BEGIN Provided records

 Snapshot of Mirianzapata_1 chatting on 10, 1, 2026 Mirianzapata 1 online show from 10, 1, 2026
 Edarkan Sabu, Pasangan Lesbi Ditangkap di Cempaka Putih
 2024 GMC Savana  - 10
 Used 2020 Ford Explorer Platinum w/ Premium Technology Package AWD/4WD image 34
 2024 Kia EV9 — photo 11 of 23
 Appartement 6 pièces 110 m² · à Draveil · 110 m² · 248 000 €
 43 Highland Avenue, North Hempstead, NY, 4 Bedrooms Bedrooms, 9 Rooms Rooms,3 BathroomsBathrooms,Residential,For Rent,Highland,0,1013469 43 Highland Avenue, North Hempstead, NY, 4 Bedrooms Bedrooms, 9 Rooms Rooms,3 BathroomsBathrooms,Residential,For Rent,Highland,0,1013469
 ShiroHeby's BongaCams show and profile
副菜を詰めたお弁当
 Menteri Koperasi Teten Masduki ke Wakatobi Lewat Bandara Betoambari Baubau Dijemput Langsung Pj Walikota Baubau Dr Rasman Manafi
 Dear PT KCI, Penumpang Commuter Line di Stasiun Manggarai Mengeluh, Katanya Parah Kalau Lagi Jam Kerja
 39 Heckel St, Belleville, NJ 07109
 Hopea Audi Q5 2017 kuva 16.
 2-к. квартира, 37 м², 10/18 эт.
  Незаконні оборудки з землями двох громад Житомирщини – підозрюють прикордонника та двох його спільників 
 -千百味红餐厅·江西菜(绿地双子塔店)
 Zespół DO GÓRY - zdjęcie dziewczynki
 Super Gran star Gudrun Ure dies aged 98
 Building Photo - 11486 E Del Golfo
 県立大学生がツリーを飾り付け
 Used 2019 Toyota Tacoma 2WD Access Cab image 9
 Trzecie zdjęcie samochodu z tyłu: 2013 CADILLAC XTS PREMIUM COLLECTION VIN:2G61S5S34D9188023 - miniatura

END Provided records

Exercise goal:
Only lines containing the word "image" should be copied from the material above.

Solution to this task:
 Used 2020 Ford Explorer Platinum w/ Premium Technology Package AWD/4WD image 34
 Used 2019 Toyota Tacoma 2WD Access Cab image 9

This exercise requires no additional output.